_RAW DATA_.
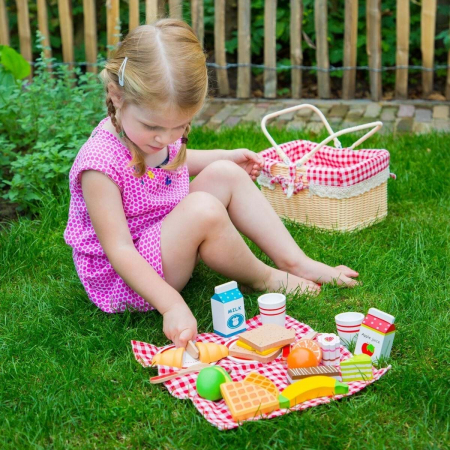 New-Classic-Toys-Cos-picnic [2]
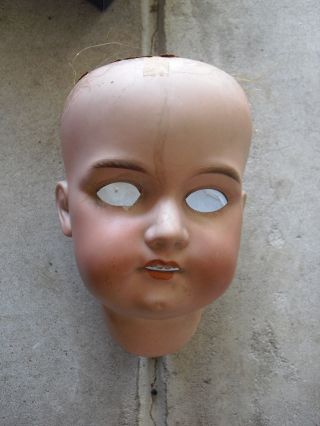 Big Vintage Armand Marseille A14m Bisque Girl Doll Head 7 " Tall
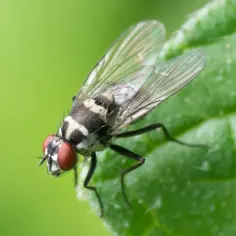 Czerwonoooka mucha w białe paski na zielonym liściu. Zastanawiamy się, jak muchy przeżywają zimę, gdy temperatura spada.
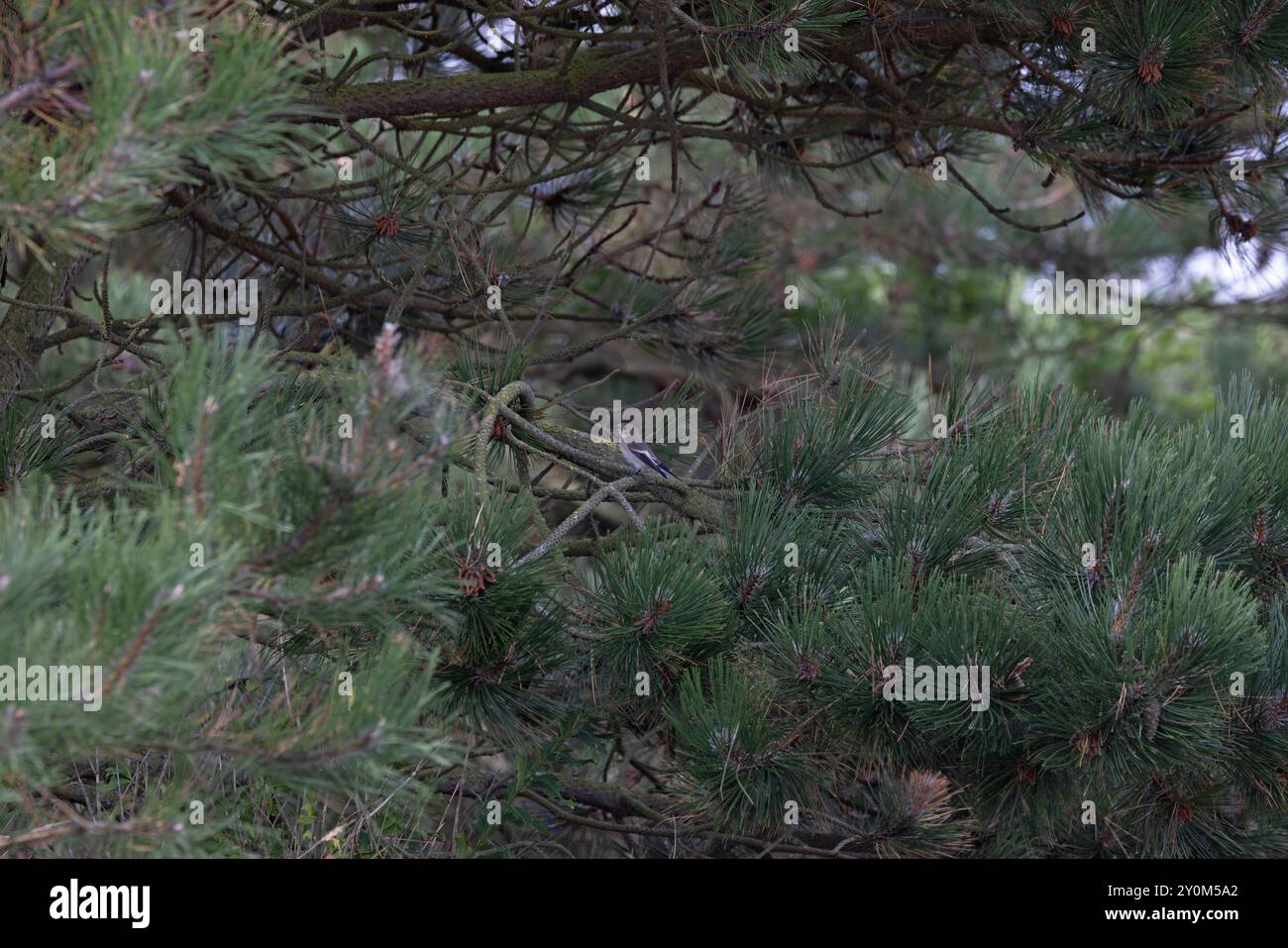 Pied Flycatcher (Ficedula hypoleuca) female/first winter Norfolk September 2024 Stock Photo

_TASK STATEMENT_. Output each line above exactly. Skip the images.

_RESPONSE TO THE TASK_.
 New-Classic-Toys-Cos-picnic [2]
 Big Vintage Armand Marseille A14m Bisque Girl Doll Head 7 " Tall
 Czerwonoooka mucha w białe paski na zielonym liściu. Zastanawiamy się, jak muchy przeżywają zimę, gdy temperatura spada.
 Pied Flycatcher (Ficedula hypoleuca) female/first winter Norfolk September 2024 Stock Photo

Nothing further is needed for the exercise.